Furphy went on to invent and produce a horse-drawn water cart with cast-iron ends, which was used for many things, including carting water for troops in the military camps prior to being transported to the Middle East and Europe in WWI.
The water carts have become highly collectable with one selling for more than $60,000 last year.
The long partnership between the Shepparton region and the Furphy name still survives today, with fifth-generation descendants of John’s — Sam and Adam Furphy — running J Furphy and Sons and Furphy Foundry respectively.
Managing director of J Furphy and Sons Adam Furphy said the 150th anniversary was an exciting milestone.
“There is a lot of people internally in the organisation that are proud to work for a company that has been around for that long,” Mr Furphy said.
“It’s part of Shepparton’s DNA.”
Mr Furphy said he tried to not think too much about the legacy and history behind his family name.
It is pretty unique, and I think speaking on behalf of my cousin Sam and I who are both running the businesses that old John kicked off all those years ago, our primary focus is on today and tomorrow, not so much looking back,” he said.
“It is a wonderful legacy and we are very proud of it and I think both of us think our job is just to try and do something that is worthy of what John started.
“John was a pretty interesting guy, I think he was ahead of his time.”
A collector’s item
The celebrations are being held at Shepparton’s Museum of Vehicle Evolution, which houses the Furphy Museum.
The museum’s curator Josh Powell said he hoped to put on a display of interesting and not often seen water carts from collectors around the country.

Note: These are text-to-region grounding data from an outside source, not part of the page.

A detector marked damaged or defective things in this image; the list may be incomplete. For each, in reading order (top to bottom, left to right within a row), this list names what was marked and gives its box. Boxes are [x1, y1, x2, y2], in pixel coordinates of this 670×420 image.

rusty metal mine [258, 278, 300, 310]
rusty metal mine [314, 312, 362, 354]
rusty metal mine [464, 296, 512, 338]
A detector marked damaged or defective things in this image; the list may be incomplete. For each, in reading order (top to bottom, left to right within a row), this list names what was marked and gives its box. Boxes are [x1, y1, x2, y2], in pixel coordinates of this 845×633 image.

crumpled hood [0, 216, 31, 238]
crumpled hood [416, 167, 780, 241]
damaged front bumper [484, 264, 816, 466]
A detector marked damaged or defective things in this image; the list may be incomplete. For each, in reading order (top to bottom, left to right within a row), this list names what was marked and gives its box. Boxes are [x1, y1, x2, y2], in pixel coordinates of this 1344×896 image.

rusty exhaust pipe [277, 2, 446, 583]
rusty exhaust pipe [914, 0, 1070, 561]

“ There are a lot of collectors out there, a lot that are very passionate about Furphy products,” Mr Powell said.
One of the collectors attending the festivities is Matthew McQualter from Shepparton, who has roughly 20 Furphy water carts from the 1920 and 30s, up to the 1970s.
Some of Mr McQualter’s earliest memories can be connected to a water cart set up as a sprayer on his family farm.

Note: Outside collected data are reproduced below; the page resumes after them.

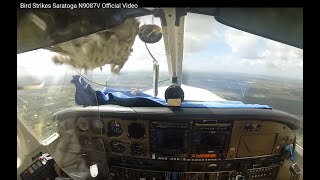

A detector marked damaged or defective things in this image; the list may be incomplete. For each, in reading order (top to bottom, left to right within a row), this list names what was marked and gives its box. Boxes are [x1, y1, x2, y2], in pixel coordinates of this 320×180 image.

cracked windshield [17, 13, 302, 146]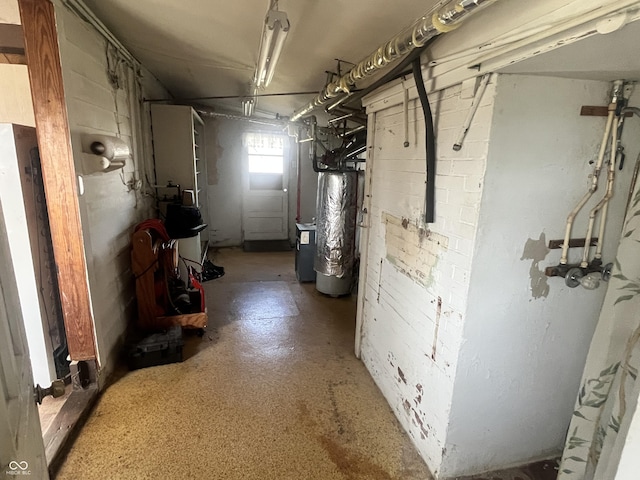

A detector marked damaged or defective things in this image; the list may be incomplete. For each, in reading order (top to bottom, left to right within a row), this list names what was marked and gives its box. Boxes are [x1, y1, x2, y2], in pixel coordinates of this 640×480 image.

rusty stain on wall [208, 118, 225, 186]
rusty stain on wall [382, 212, 448, 286]
rusty stain on wall [520, 232, 552, 298]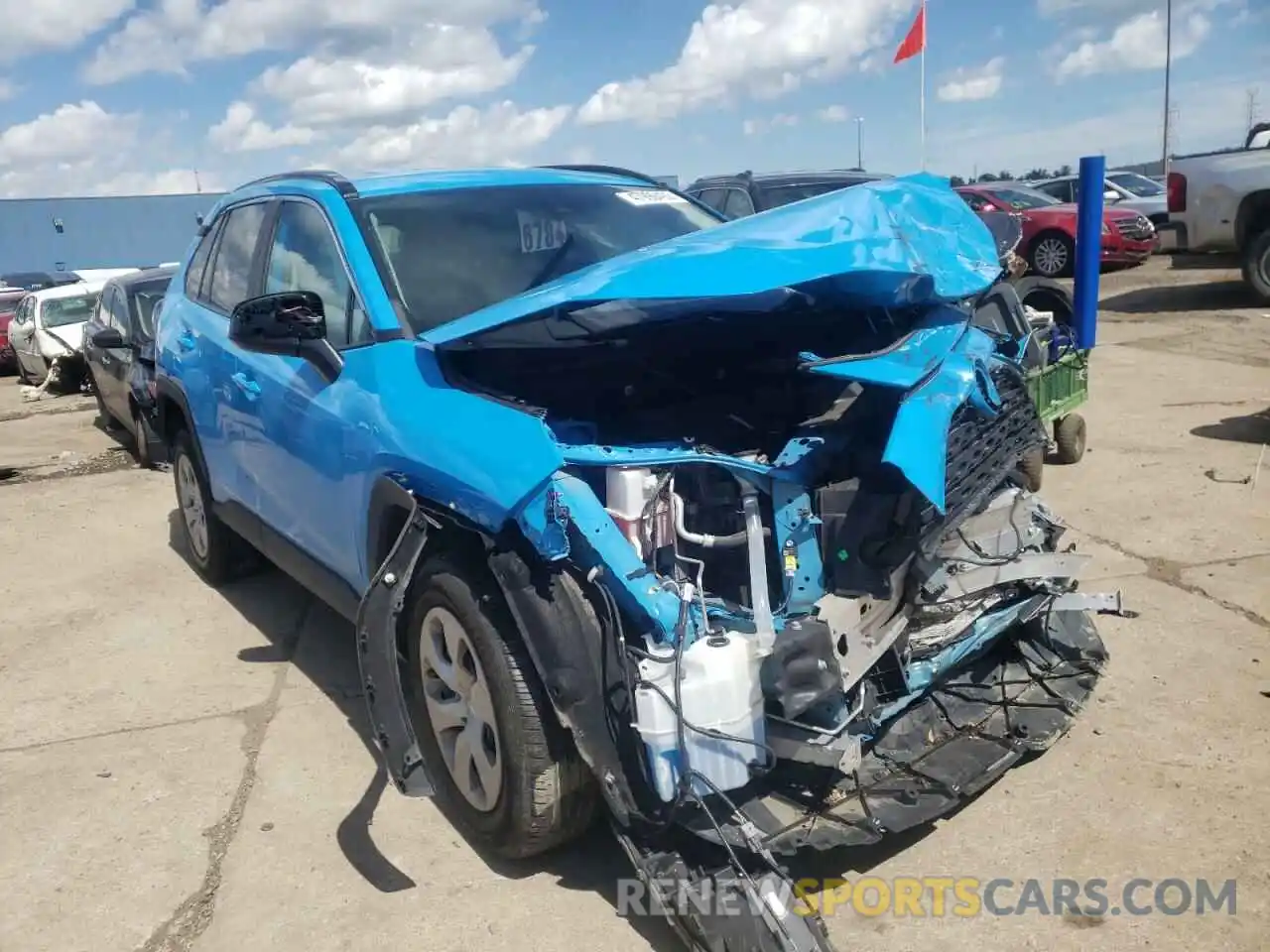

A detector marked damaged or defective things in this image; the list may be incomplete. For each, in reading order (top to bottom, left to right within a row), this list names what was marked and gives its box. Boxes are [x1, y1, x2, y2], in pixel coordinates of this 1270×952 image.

crumpled hood [427, 173, 1000, 347]
destroyed front bumper [679, 607, 1103, 861]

“I remember the jingle on the end, ‘Good, better, best, never let it rest, too good is better and the better best’.
“I can remember working out the words and reading that, around the time I was learning to read.”
When Mr McQualter was 12 and on a family holiday to Western Australia, he spotted a water cart at a rally.
“I didn’t know the connection to Shepparton, we were on the other side of the country but I just liked them,” Mr McQualter said.
“I got intrigued by them, and turns out we had one back at the farm out under a tree, so when we got home I insisted we get it home and fix it up.
“My grandfather had experience in rebarreling one, we got it fixed up and took it to Shepparton for Furphy’s 125th birthday.
“That event really opened up to me how many different ones there were.”
From then on it became Mr McQualter’s mission to collect as many water carts as he could.
“The more you learn about them, the more intriguing it gets,” Mr McQualter said.
“Plenty of businesses come and go, there are not too many that stand the test of time for 150 years and to be in a regional area like Shepparton is pretty remarkable.”
Mr Powell said Furphy had made many different products over the years that were showcased in the museum.
“ Most of the things in the Furphy museum are the Furphy family’s collection, we do have a few things on loan from time to time,” Mr Powell said.
“It is good that they have a significant interest in their own history.”